-- Exercise --
Without the pictures, output all of the data exactly.

-- Source material --
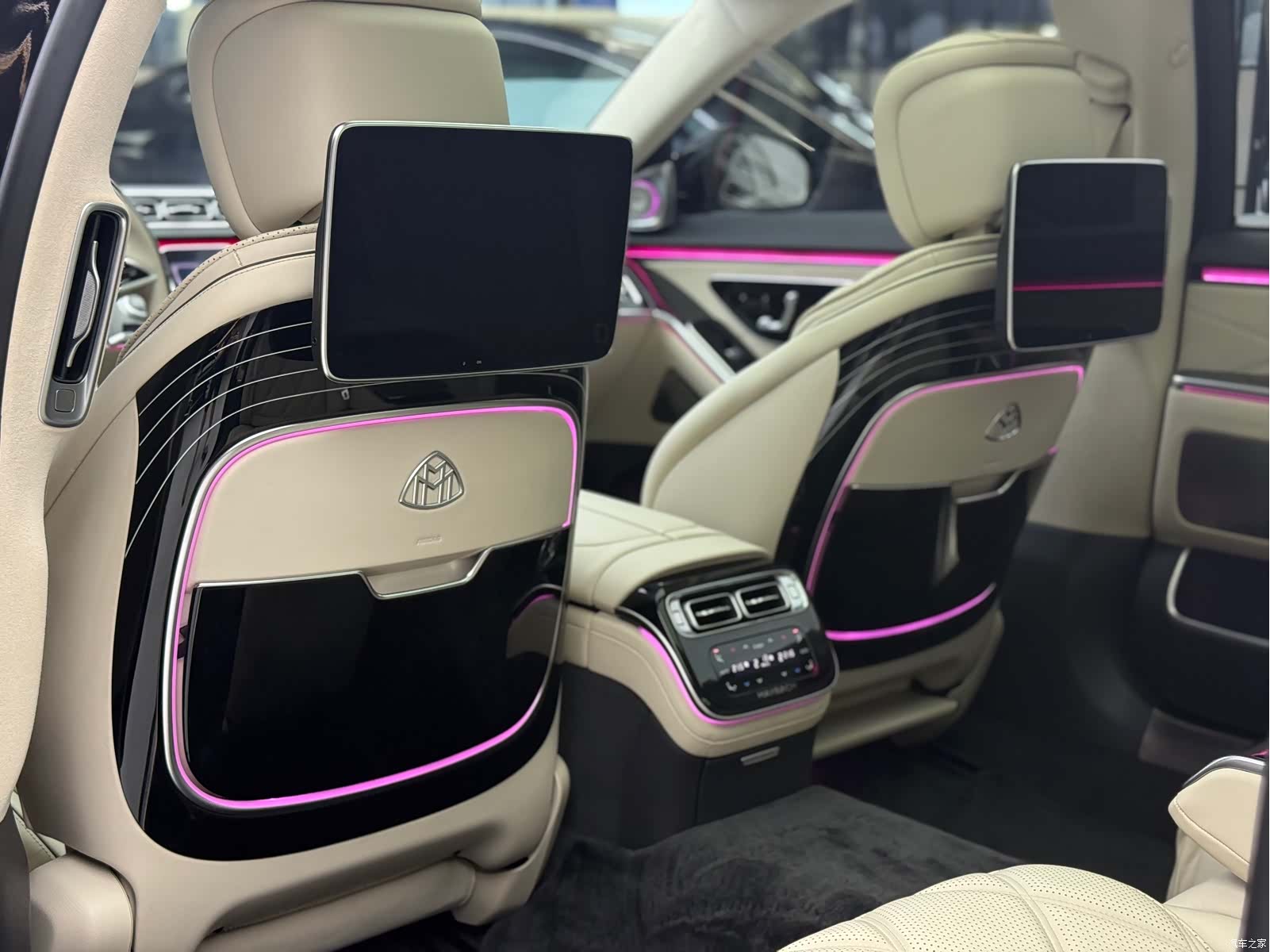 Maybach S-Class, 2022 7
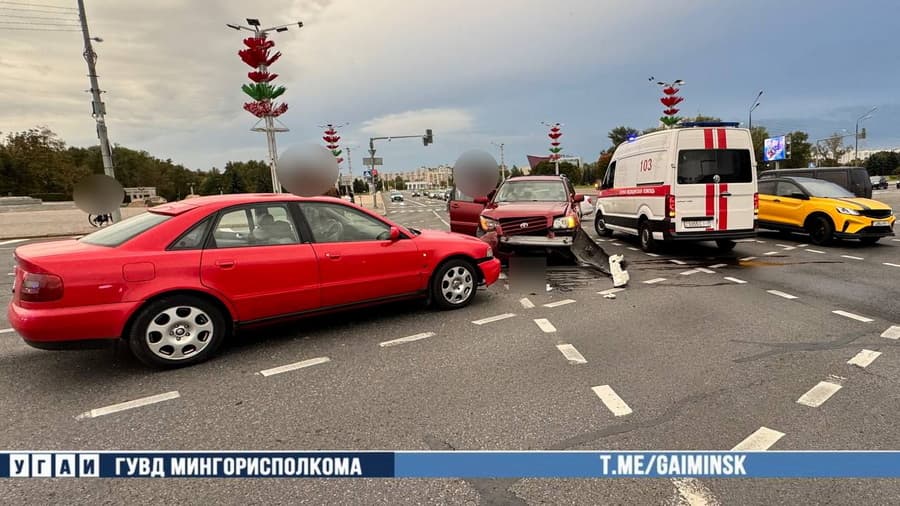 На столичном перекрестке столкнулись две легковушки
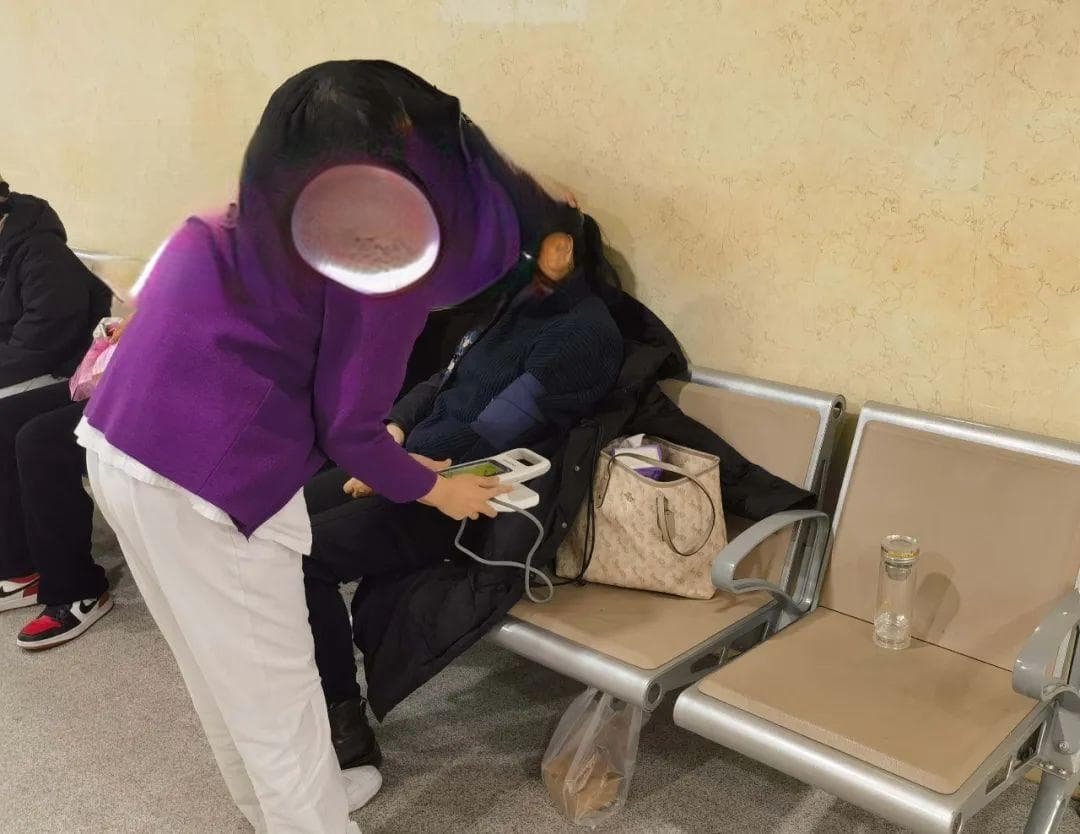 【首都除夕护卫健康】住院服务中心护士及时救治低血糖患者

-- Reply --
 Maybach S-Class, 2022 7
 На столичном перекрестке столкнулись две легковушки
 【首都除夕护卫健康】住院服务中心护士及时救治低血糖患者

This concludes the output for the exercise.